The plaintiff was a ward of the state at the St. Joseph's Boys Home in Ballarat at the time of the alleged incident; he is suing Pell; the trustees of Nazareth House, which ran the home; the state of Victoria; and the Archdiocese of Melbourne.

The lawsuit was lodged a day after Australia's bishops and priests addressed Pell's conviction for sexually assaulting two 13-year-old choirboys when he was archbishop of Melbourne in 1996.

Archbishop Anthony Fisher of Sydney told the congregation at Sydney's St. Mary's Cathedral March 3 not to be "too quick to judge" the cardinal.

"As the cardinal's matter is ongoing in the courts, I cannot comment on the substance; I urge people not to draw any final conclusions until the appeal judges have had their chance to review this matter. Amid the heated emotions of the present, I also pray for public calm and civility,'' said Fisher, who added he saw "serious questions for the appellate court to examine.''

"If we are too quick to judge, we can end up joining the demonizers or the apologists, those baying for blood or those in denial.''

The verdict has been questioned publicly by Pell's supporters in the church and in the Australian media.

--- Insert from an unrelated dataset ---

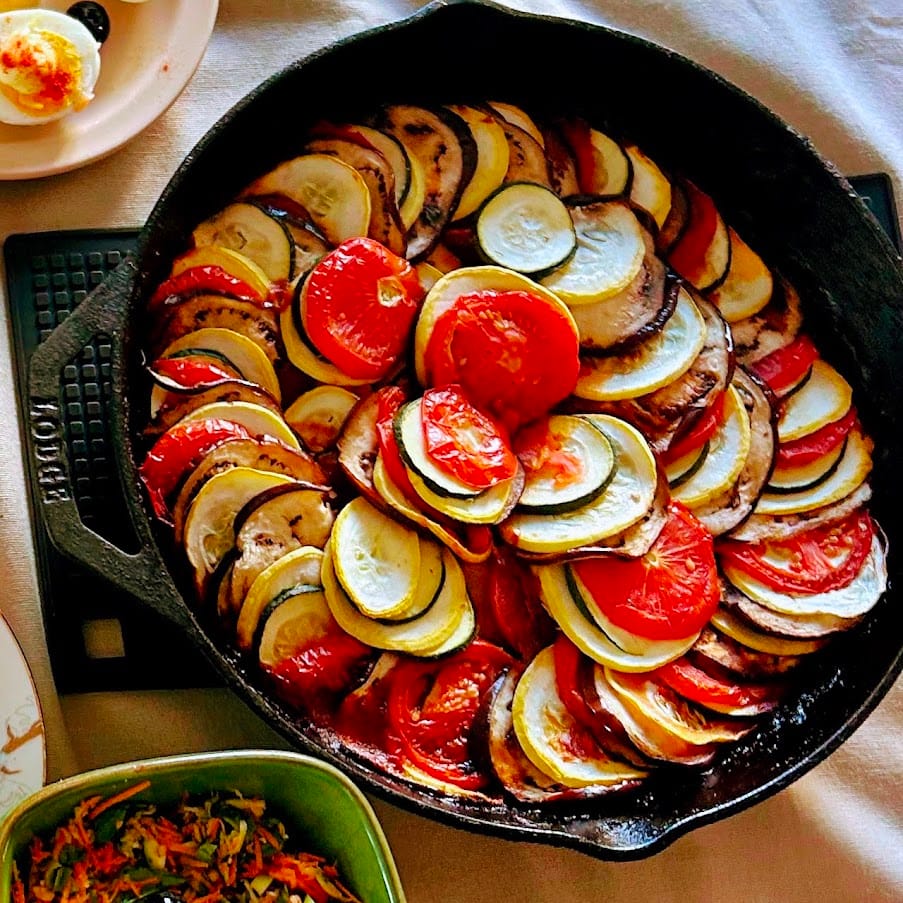 Ratatouille de legumes no forno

Australia's former prime minister, the Jesuit-educated, one-time seminarian Tony Abbott, who ran the country from 2013 to 2015, also weighed in.

"You've got to feel for the victims, who've been dreadfully betrayed by an institution they should have been able to trust. You've got to feel for the people who are dismayed by this verdict against someone they'd put up on a pedestal," Abbott told Sydney radio show host Ray Hadley.

Melbourne Archbishop Peter Comensoli told his parishioners that the soul of the Catholic Church "has been grievously wounded from the evil of sexual abuse."

"It feels like we have reached Golgotha (the place where Christians believe Jesus was crucified), where the smell of death is thick in the air and the sense of panic and confusion is pervasive."

Comensoli pointed to the "vastly divergent positions" people had taken on Pell's conviction, "from cries of condemnation to cries of injustice."

"What has spoken to me in all these posts and tweets is that they express something of the point of desolation at which God's church in Melbourne has arrived," he said.